Poor quality work can destroy your reputation sending your customers running. No customers, no business.

2. Employee Turnover

We all know staff come and go. Keeping on to the good ones is important, but sometimes there is nothing you can do. When a key employee unexpectedly ups and leaves it can have a crippling effect, especially on small businesses.

This pain can further be accelerated if you, the business owner, has non-work related issues to deal with.

If this unfortunate circumstance is ever to happen to you, make sure you have your documentation in order and you just might get through it.

3. Rapid Growth

Growth is the most exciting phase of business. It’s the reward for all the blood, sweat and tears. But growth is a double edged sword. With big ups come big downs, and if you are not prepared to manage the growth, your business can implode on itself.
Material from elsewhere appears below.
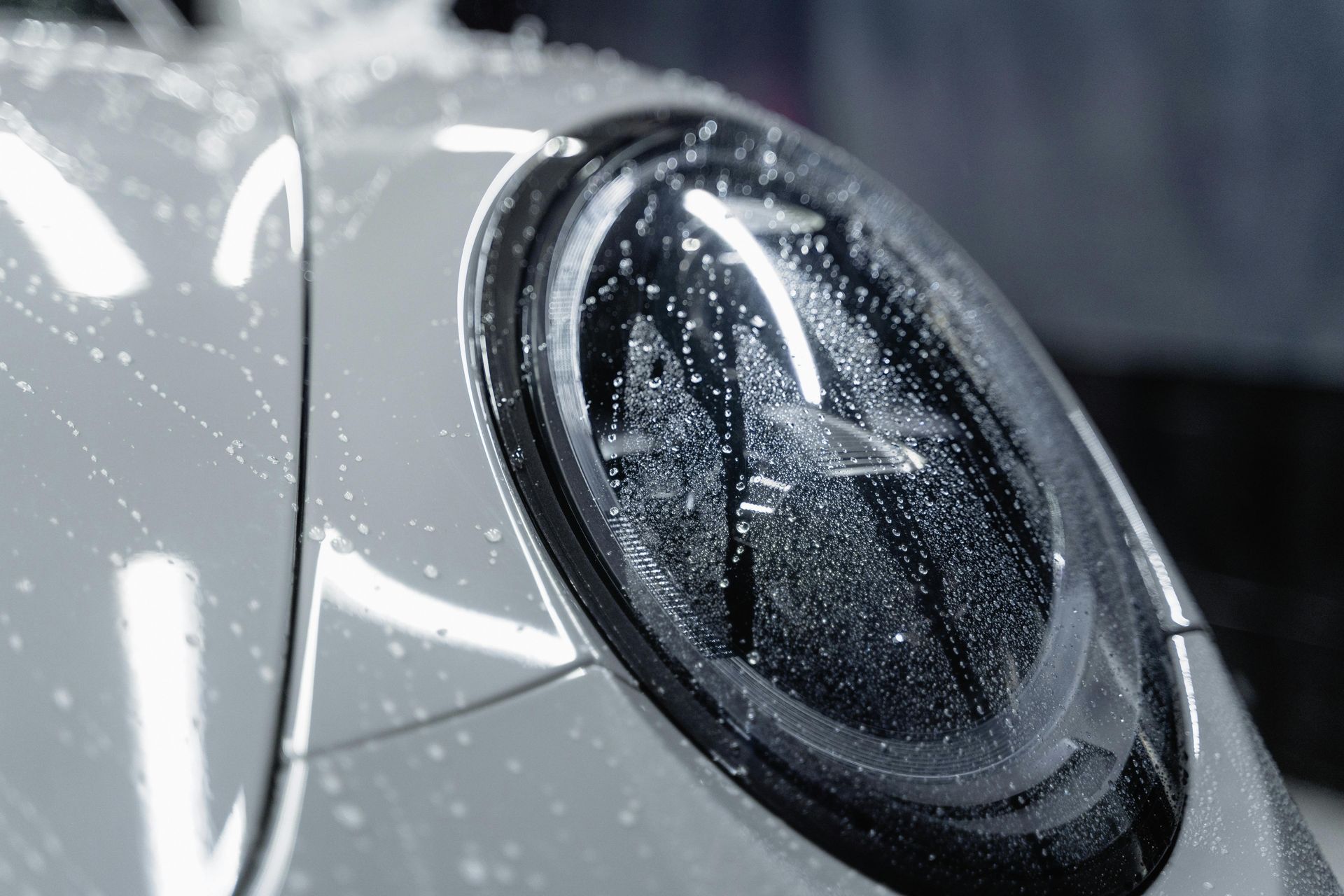 A close up of a car headlight with water drops on it.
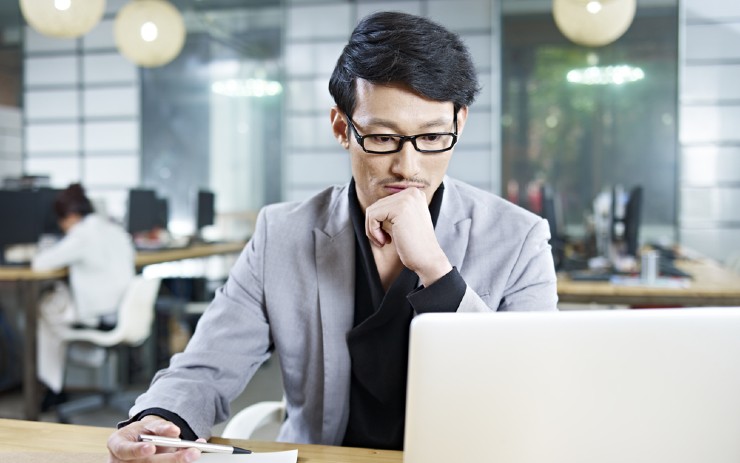 seorang pekerja pria sedang bekerja di depan laptop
Hiring and training new staff, processing larger order quantities, supporting more customers and opening new offices are highly complex processes that if done incorrectly can cost you lots of money or even collapse your business.

Ensuring you have processes in place to manage these growing pains is of the utmost importance.

4. Acquisition

If you ever want to sell your business, having proper documentation is of the utmost importance.
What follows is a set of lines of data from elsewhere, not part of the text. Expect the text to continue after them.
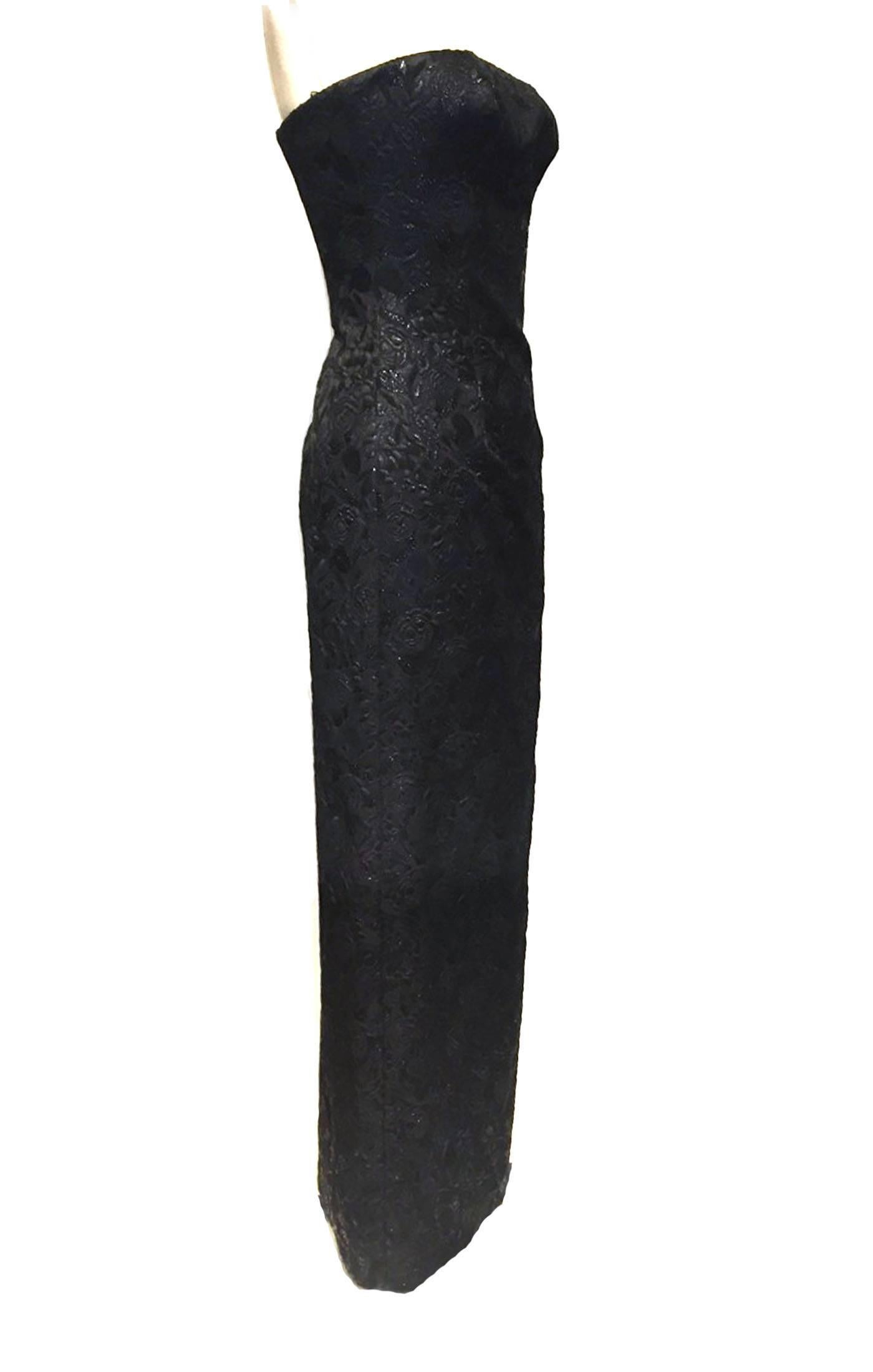 Dreamy sleeveless Prada embroidered blk ballgown. Prada's black dress is spun from soft wool blend, with abstract floral embroidery. Zipper in back. Excellent condition!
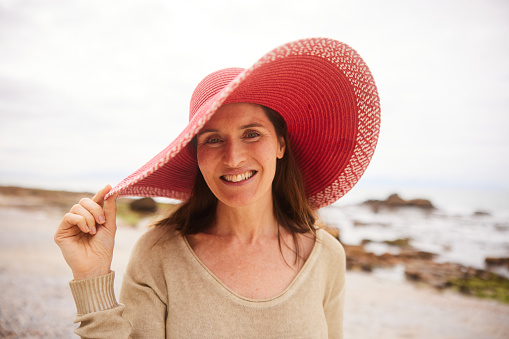 Portrait of smiling mature woman wearing a red sun hat while enjoying a day at the beach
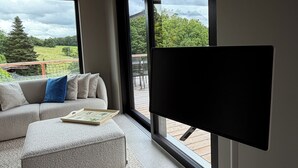 A modern living room with a sofa, ottoman, and a flat-screen TV.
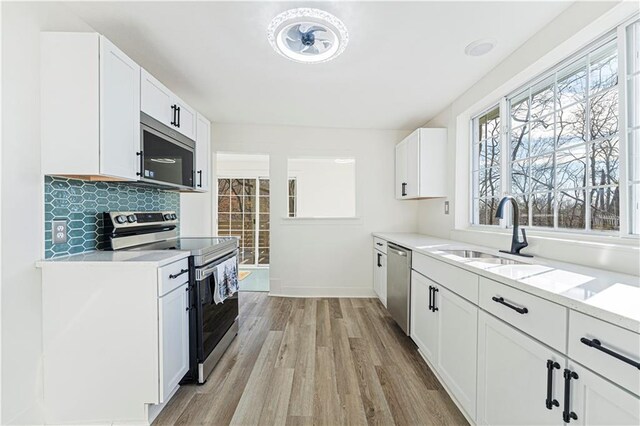 kitchen featuring white cabinetry, sink, decorative backsplash, stainless steel appliances, and light hardwood / wood-style flooring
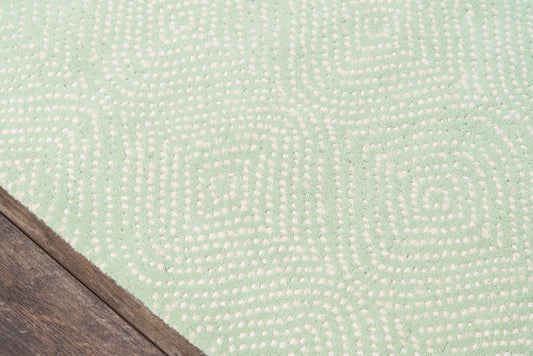 Mint green rug with cream dotted geometric maze pattern; soft texture near wood floor corner.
A prospective buyer wants to know the business they are buying is going to run effectively on its own, without you, the former owner having to be there.

Having your standard operating procedures documented can help you close the deal and even get you a sale price. While poor documentation could cause the deal to fall through.
If you still need more proof on the importance of process documentation, check out this book by Michael Gerber – The E-Myth Revisited: Why Most Small Businesses Don’t Work and What to Do About It.

So what are you waiting for? Document or die.